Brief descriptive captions
^^^^

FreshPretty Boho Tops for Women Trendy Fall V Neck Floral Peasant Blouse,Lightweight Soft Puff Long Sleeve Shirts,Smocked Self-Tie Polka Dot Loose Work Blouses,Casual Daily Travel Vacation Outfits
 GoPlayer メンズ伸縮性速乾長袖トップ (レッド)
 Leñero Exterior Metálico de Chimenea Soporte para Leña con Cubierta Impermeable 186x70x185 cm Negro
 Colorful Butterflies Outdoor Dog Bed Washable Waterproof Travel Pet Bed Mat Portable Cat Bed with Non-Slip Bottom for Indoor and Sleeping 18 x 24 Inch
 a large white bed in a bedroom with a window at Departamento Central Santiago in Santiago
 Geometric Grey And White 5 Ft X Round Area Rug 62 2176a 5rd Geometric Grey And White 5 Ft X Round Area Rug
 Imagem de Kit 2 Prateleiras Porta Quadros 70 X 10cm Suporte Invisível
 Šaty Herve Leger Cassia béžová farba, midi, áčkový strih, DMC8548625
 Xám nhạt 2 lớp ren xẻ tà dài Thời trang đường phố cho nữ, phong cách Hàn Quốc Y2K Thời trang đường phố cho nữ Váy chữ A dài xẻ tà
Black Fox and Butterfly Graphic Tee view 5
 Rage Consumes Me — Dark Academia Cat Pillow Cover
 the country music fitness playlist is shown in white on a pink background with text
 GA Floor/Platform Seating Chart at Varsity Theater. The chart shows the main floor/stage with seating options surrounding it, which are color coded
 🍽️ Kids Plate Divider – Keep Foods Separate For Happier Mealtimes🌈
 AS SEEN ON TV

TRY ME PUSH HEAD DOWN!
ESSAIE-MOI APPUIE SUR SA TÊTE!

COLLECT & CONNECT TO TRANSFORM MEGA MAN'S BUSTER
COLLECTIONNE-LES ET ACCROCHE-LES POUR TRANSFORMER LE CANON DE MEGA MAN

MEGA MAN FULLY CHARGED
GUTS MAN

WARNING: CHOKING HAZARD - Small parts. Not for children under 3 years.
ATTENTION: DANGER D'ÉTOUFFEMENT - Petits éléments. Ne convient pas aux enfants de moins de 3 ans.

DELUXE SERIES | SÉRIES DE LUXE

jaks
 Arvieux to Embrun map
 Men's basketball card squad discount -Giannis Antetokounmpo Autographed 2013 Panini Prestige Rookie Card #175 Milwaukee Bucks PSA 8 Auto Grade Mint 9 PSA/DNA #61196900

^^^^

Instructions to follow: Set down only the lines above that fall between the line holding "Imagem de Kit" and the line holding "WARNING: CHOKING HAZARD", inclusive, keeping each exact.

Worked solution:
 Imagem de Kit 2 Prateleiras Porta Quadros 70 X 10cm Suporte Invisível
 Šaty Herve Leger Cassia béžová farba, midi, áčkový strih, DMC8548625
 Xám nhạt 2 lớp ren xẻ tà dài Thời trang đường phố cho nữ, phong cách Hàn Quốc Y2K Thời trang đường phố cho nữ Váy chữ A dài xẻ tà
Black Fox and Butterfly Graphic Tee view 5
 Rage Consumes Me — Dark Academia Cat Pillow Cover
 the country music fitness playlist is shown in white on a pink background with text
 GA Floor/Platform Seating Chart at Varsity Theater. The chart shows the main floor/stage with seating options surrounding it, which are color coded
 🍽️ Kids Plate Divider – Keep Foods Separate For Happier Mealtimes🌈
 AS SEEN ON TV

TRY ME PUSH HEAD DOWN!
ESSAIE-MOI APPUIE SUR SA TÊTE!

COLLECT & CONNECT TO TRANSFORM MEGA MAN'S BUSTER
COLLECTIONNE-LES ET ACCROCHE-LES POUR TRANSFORMER LE CANON DE MEGA MAN

MEGA MAN FULLY CHARGED
GUTS MAN

WARNING: CHOKING HAZARD - Small parts. Not for children under 3 years.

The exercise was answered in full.